- _WHAT IS BEING ASKED_
No pictures belong in the copy. Retype exactly, and only, the stretch of lines below from the one with "myntra.com Duke Men" through the one with "12 Years of Trust and Innovation!".

- _SUPPLIED MATERIAL_
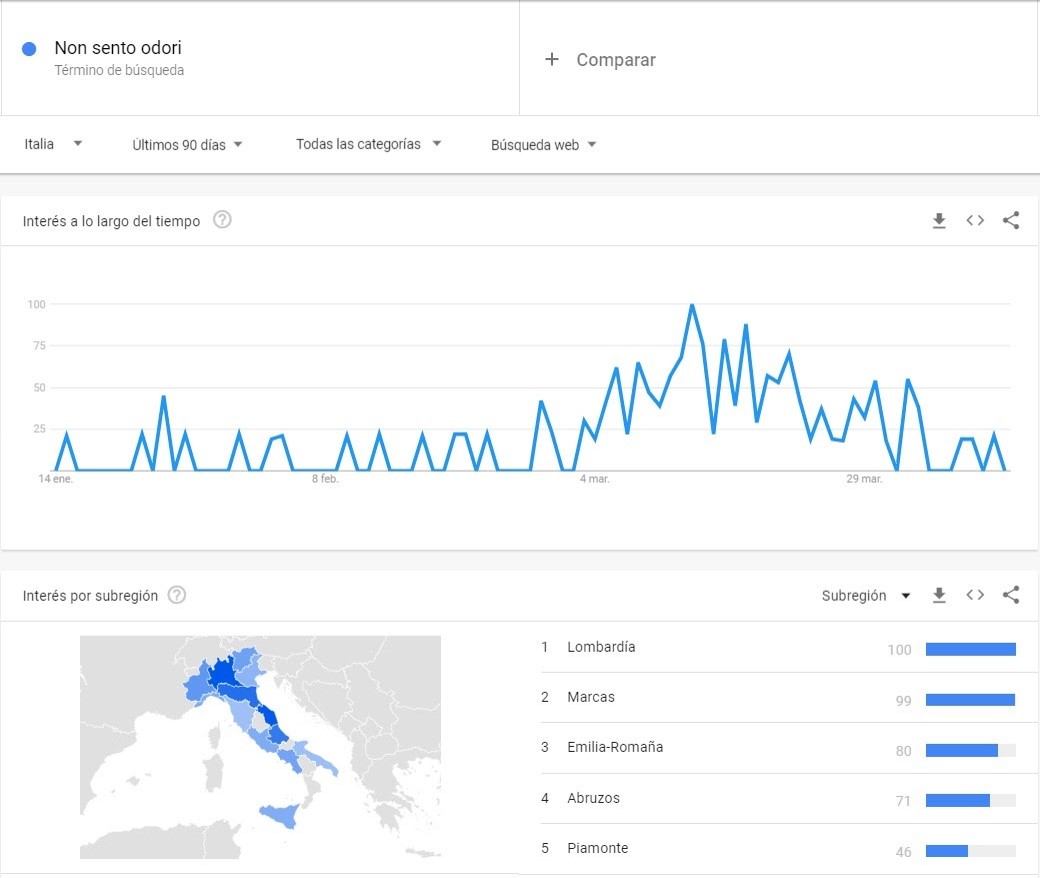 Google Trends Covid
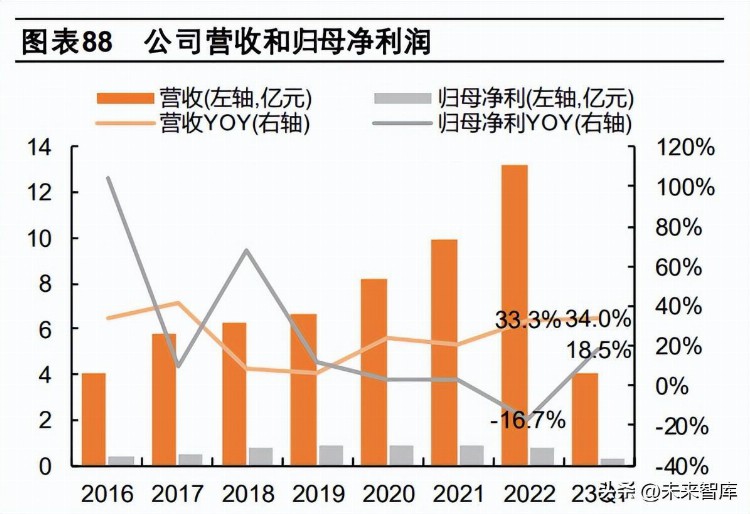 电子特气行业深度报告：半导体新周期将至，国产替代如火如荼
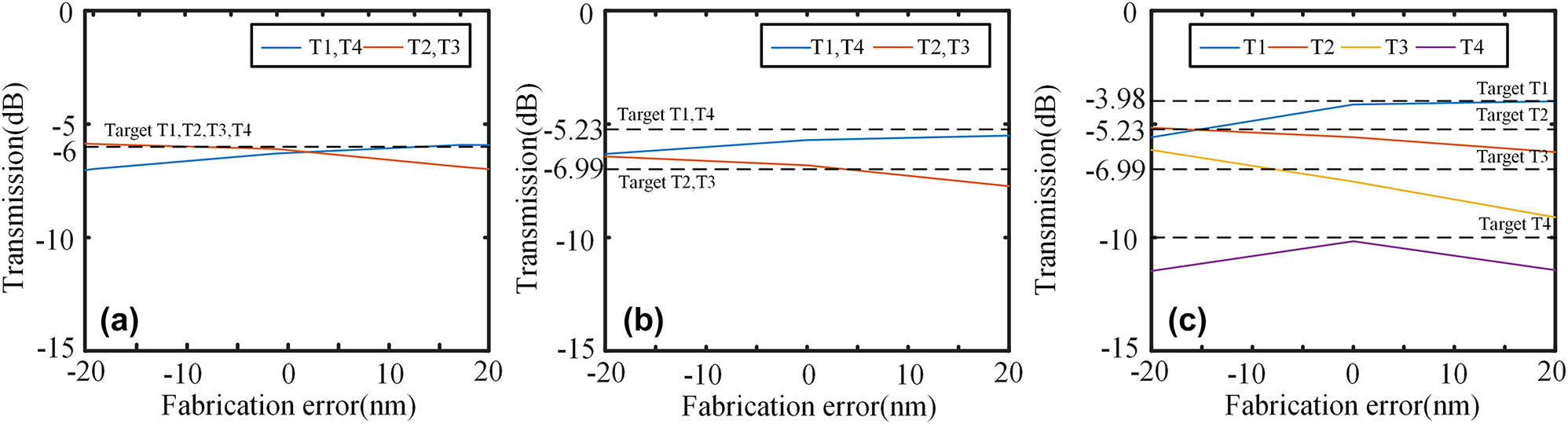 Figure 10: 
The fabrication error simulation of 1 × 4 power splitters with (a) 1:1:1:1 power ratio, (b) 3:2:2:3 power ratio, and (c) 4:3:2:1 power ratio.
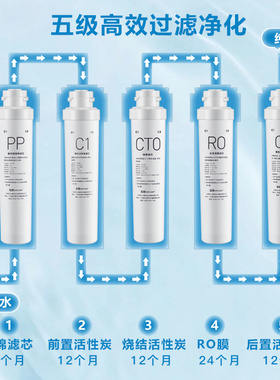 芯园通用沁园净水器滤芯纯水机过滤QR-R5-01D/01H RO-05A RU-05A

---

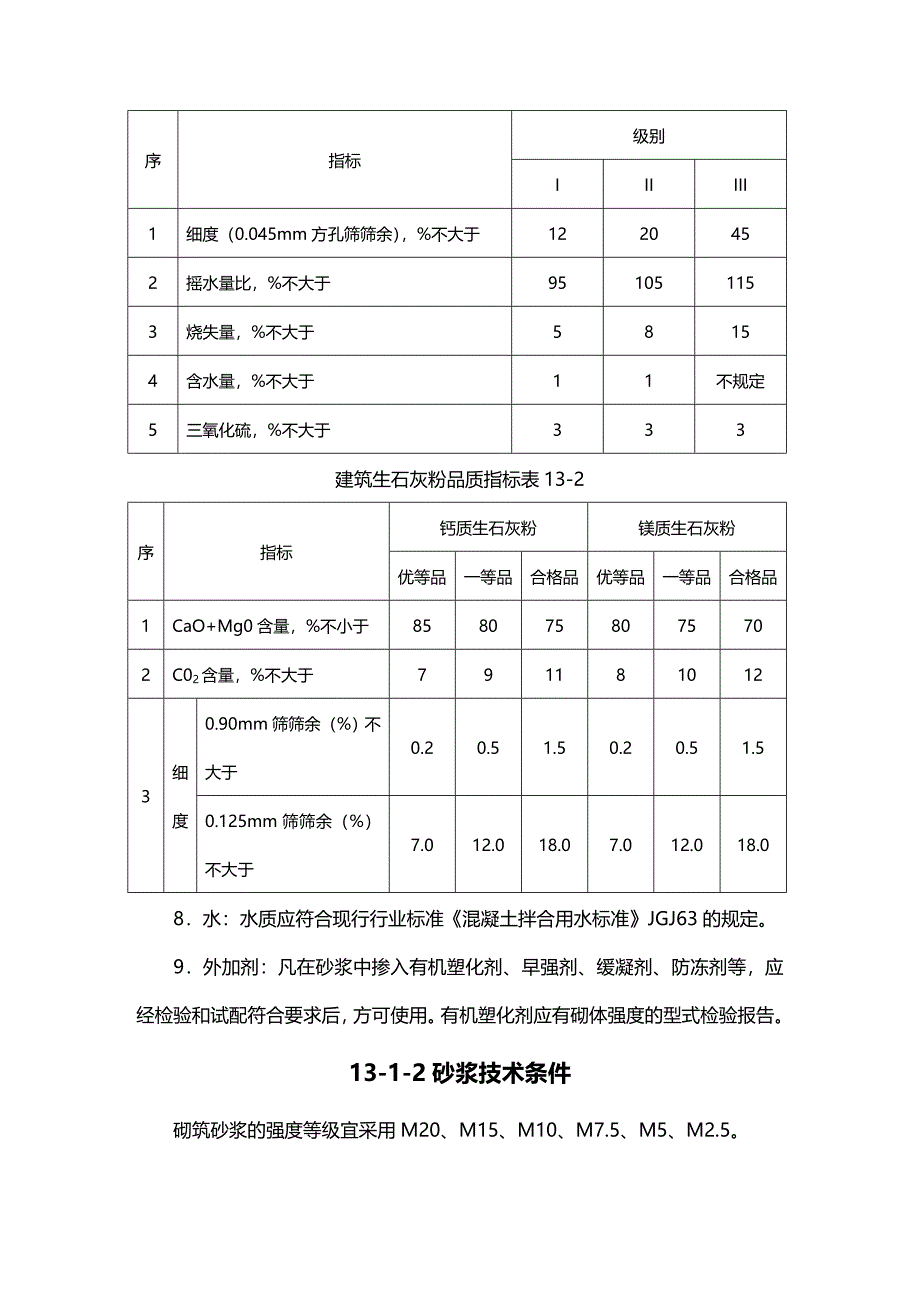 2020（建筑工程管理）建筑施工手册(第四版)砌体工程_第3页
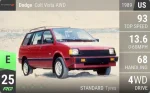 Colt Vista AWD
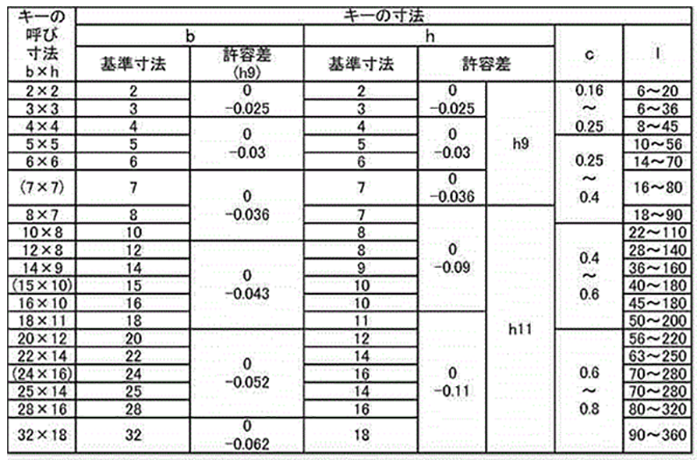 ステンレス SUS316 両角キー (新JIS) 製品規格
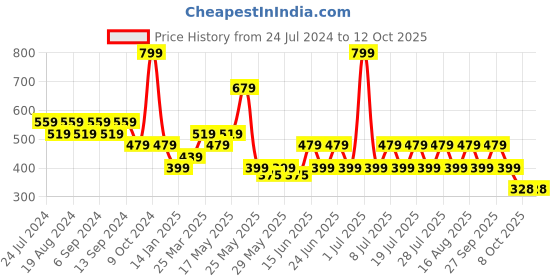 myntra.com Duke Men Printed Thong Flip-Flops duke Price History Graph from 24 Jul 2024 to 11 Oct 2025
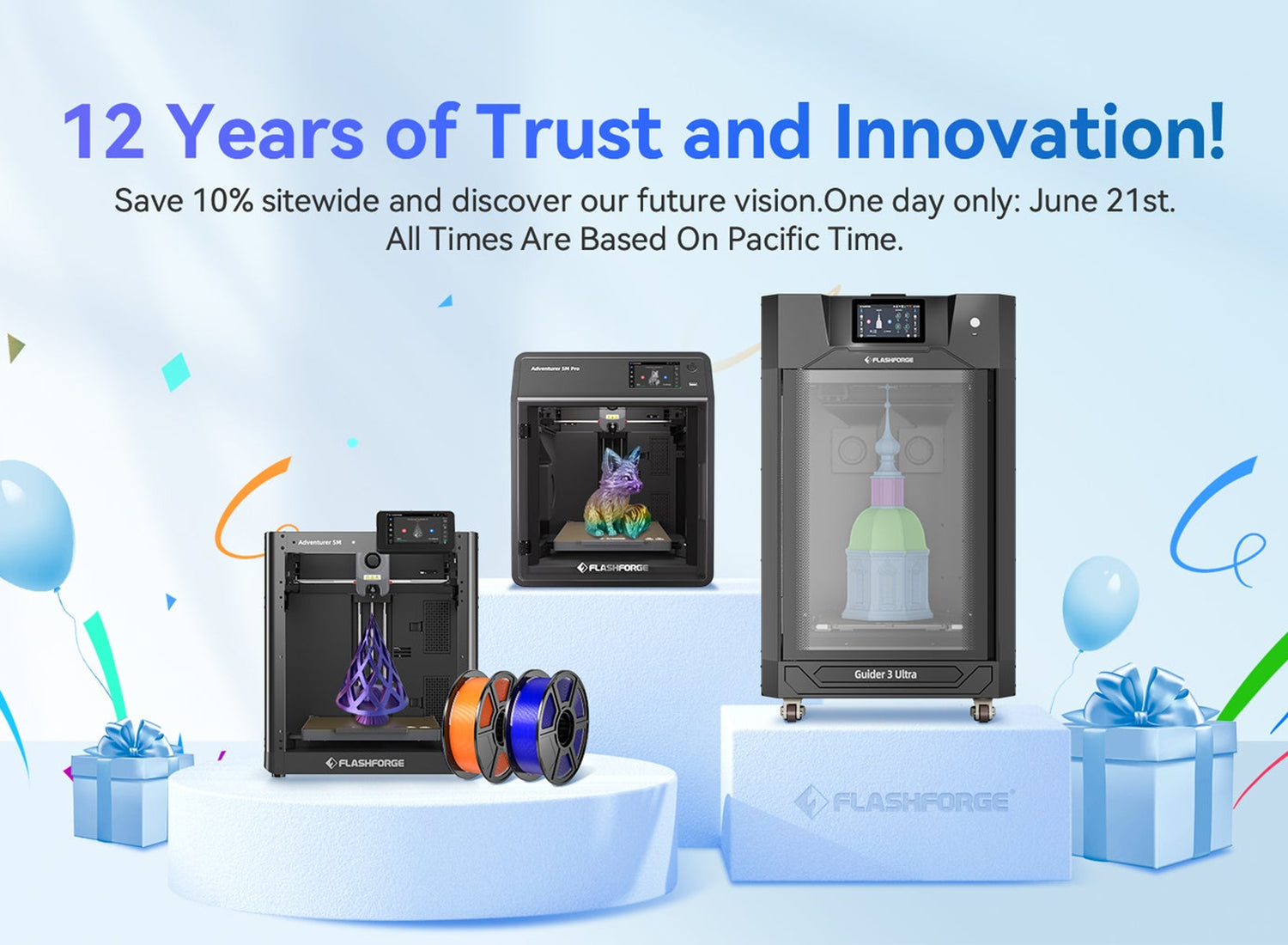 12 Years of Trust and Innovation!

* * *

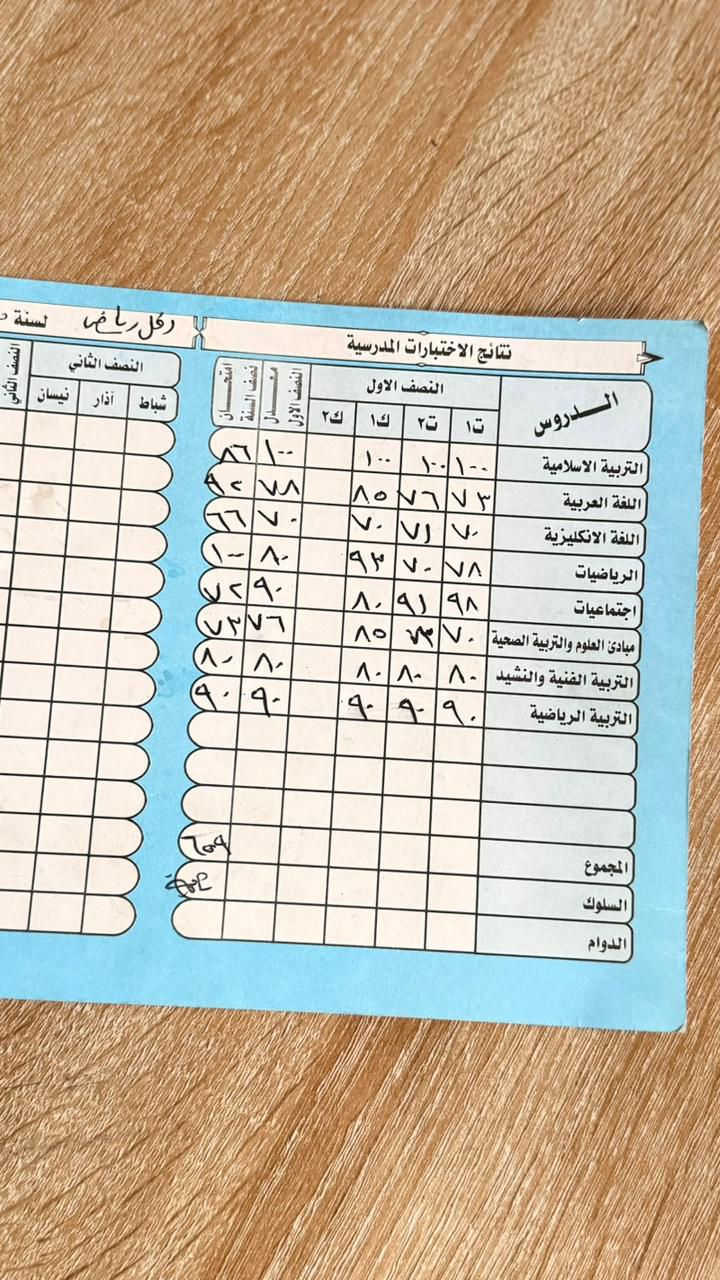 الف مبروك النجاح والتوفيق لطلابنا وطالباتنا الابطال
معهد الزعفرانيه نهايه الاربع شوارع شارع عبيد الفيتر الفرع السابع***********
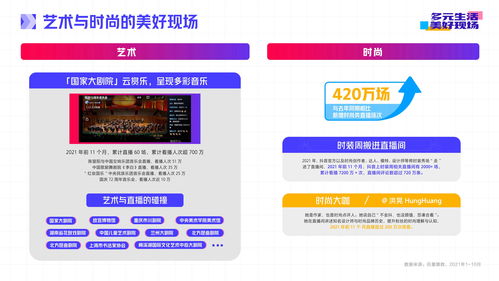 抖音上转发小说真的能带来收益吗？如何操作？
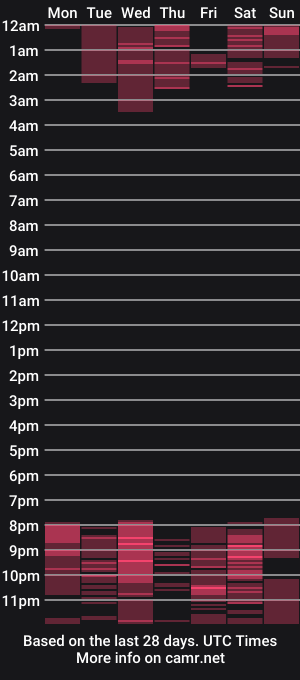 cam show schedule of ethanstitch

- _COMPLETED TASK_
 myntra.com Duke Men Printed Thong Flip-Flops duke Price History Graph from 24 Jul 2024 to 11 Oct 2025
 12 Years of Trust and Innovation!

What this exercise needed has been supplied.